Para muitos desses acumuladores, a frustração surge quando a pilha de certificados não se traduz em oportunidades reais de trabalho. Isso ocorre porque, fora do universo burocrático que emite esses documentos, o mercado de trabalho tende a valorizar competências verificáveis, experiência concreta e formação consistente.
Assim, grande parte desses certificados acaba tendo valor bastante limitado. Em muitos casos, são apenas registros formais de participação em cursos cuja exigência acadêmica é mínima — quando não resultam de processos marcados por avaliações simbólicas ou aprovação praticamente automática.
Nos últimos anos, esse fenômeno passou a assumir uma dimensão ainda mais preocupante. Muitos desses acumuladores de certificados começaram a direcionar seus esforços para o ingresso em universidades públicas, buscando ampliar ainda mais seu repertório de credenciais por meio de programas de mestrado e doutorado. A lógica permanece a mesma: aumentar o número de títulos.
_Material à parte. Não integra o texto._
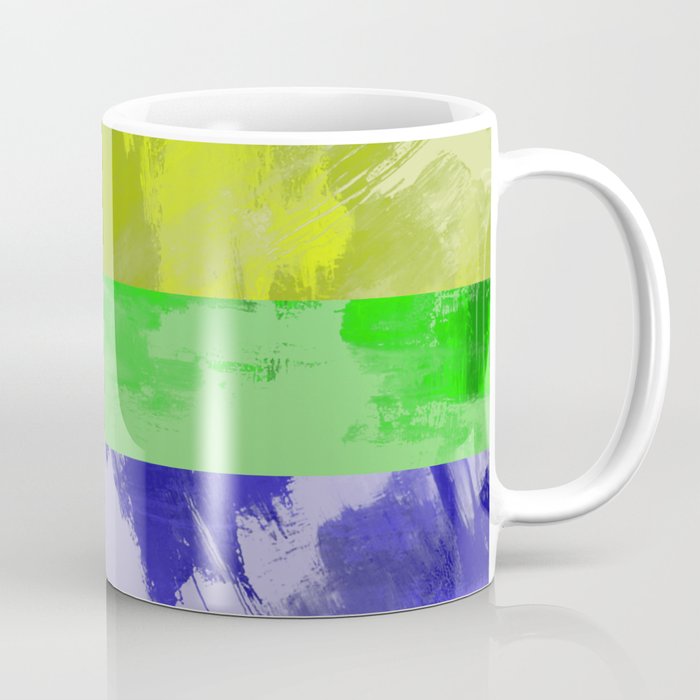 Rainbow Stripes - Abstract, textured, red, orange, yellow, green, blue, indigo, violet artwork Coffee Mug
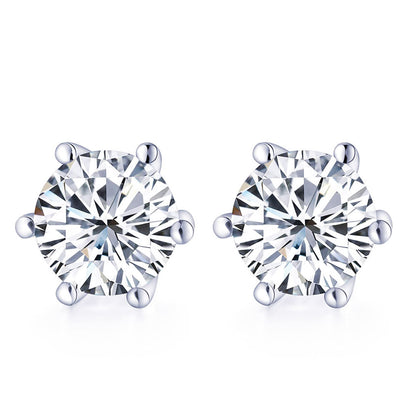 Warm Fortune Moissanite Stud Earrings for Women, 0.5/1.0ct DE VVS Lab Created, 6-Prong Brilliant Round Cut Solitaire, 925 Sterling Silver with 18K White Gold Plated Hypoallergenic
O problema é que, ao entrar na pós-graduação, esses indivíduos passam a acessar recursos públicos significativos, principalmente por meio de bolsas financiadas pelo Estado. Bolsas que deveriam apoiar pesquisadores promissores e projetos capazes de gerar conhecimento relevante acabam, em alguns casos, financiando trajetórias acadêmicas frágeis.
Parte desse problema decorre do fato de que muitas universidades públicas não possuem mecanismos institucionais eficazes para identificar esse tipo de trajetória. Em outros casos, a dificuldade não é apenas técnica, mas também política: falta disposição institucional para enfrentar um fenômeno que expõe fragilidades do próprio sistema de avaliação acadêmica.
O resultado é um paradoxo preocupante. Recursos escassos — especialmente em países que já investem pouco em ciência e educação superior — acabam sendo desperdiçados. Ao mesmo tempo, indivíduos pouco preparados continuam acumulando credenciais, inflacionando ainda mais o valor simbólico dos diplomas. Quando títulos acadêmicos passam a circular em grande quantidade sem correspondência com formação real, o próprio sistema educacional perde credibilidade.
Para países como o Brasil, esse processo pode ter consequências particularmente graves. O desenvolvimento econômico e tecnológico depende da existência de profissionais altamente qualificados, capazes de inovar, produzir conhecimento e enfrentar problemas complexos. Isso exige sistemas educacionais rigorosos, exigentes e comprometidos com padrões acadêmicos elevados.
Quando a lógica dominante passa a ser a da certificação em massa, o resultado tende a ser o oposto do desejado: um ambiente educacional repleto de títulos, mas pobre em formação substantiva.
Por isso, torna-se urgente discutir os limites da atual expansão do ensino à distância. O problema não está na modalidade em si — que pode, quando bem estruturada, ampliar o acesso ao conhecimento. O problema está na forma como ela vem sendo utilizada em muitos contextos: com baixa exigência acadêmica, pouca supervisão e forte incentivo à produção rápida de certificados.
Se nada for feito, continuará a crescer uma geração de acumuladores de diplomas que, apesar da aparência de formação extensa, permanece distante das competências reais que um país precisa para se desenvolver. Conter essa indústria de certificados é, portanto, mais do que uma questão educacional. É uma questão de responsabilidade com o futuro do próprio sistema de ensino e com o desenvolvimento do Brasil.